University of Virginia Civil War Expert Gary Gallagher to Read From, Discuss Latest Book on April 9

April 7, 2008 — Gary W. Gallagher, the John L. Nau III Professor of History at the University of Virginia, will read from and discuss his latest book, "Causes Won, Lost and Forgotten: How Hollywood and Popular Art Shape What We Know About the Civil War," on April 9. His talk, free and open to the public, will be held in the U.Va. Bookstore mezzanine at 5 p.m., followed by a book signing.

More than 60,000 books have been published on the Civil War. Most Americans, though, get their ideas about the war — why it was fought, what was won, what was lost — not from books, but from movies, television and other popular media. In an engaging and accessible survey, Gallagher guides readers through the stories told in recent film and art, showing how they have both reflected and influenced the political, social and racial currents of their times.

Too often these popular portrayals overlook many of the very ideas that motivated the generation that fought the war, Gallagher said, with the most influential perspective for the Civil War generation almost entirely absent from the Civil War stories being told today.

Gallagher argues that popular understandings of the war have been shaped by four traditions that can be traced back to the 19th century: the Lost Cause, in which Confederates are seen as having waged an admirable struggle against hopeless odds; the Union Cause, which frames the war as an effort to maintain a viable republic in the face of secessionist actions; the Emancipation Cause, in which the war is viewed as a struggle to liberate 4 million slaves and eliminate a cancerous influence on American society; and the Reconciliation Cause, which represents attempts by Northern and Southern whites to extol "American" virtues and mute the role of African-Americans.
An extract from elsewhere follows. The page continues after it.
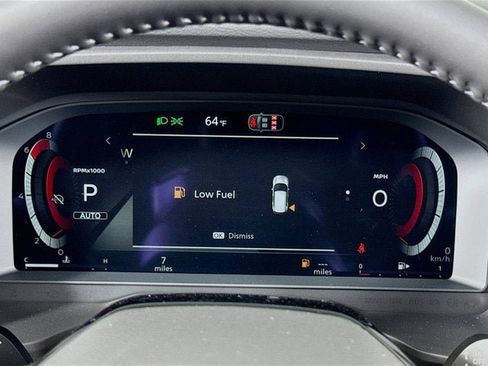 New 2026 Nissan Rogue Platinum w/ Platinum Premium Package image 14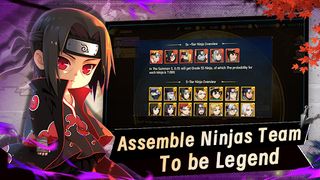 Tales of Gallant - Screenshot 3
Gallagher traces an arc of cinematic interpretation from one once dominated by the Lost Cause to one now celebrating emancipation and, to a lesser degree, reconciliation. In contrast, the market for art among contemporary Civil War enthusiasts reflects an overwhelming Lost Cause bent. Neither film nor art provides sympathetic representations of the Union Cause, which, Gallagher argues, carried the most weight in the Civil War era.

This investigation into what popular entertainment teaches us and what it reflects about us will prompt readers to consider how we form opinions on current matters of debate, such as the use of the military, the freedom of dissent and the flying of the Confederate flag.

Gallagher is author or editor of numerous books, including "Lee and His Army in Confederate History" and "The Shenandoah Valley Campaign of 1864." His latest book, "Causes Won, Lost and Forgotten: How Hollywood and Popular Art Shape What We Know About the Civil War," was published by the University of North Carolina Press this month.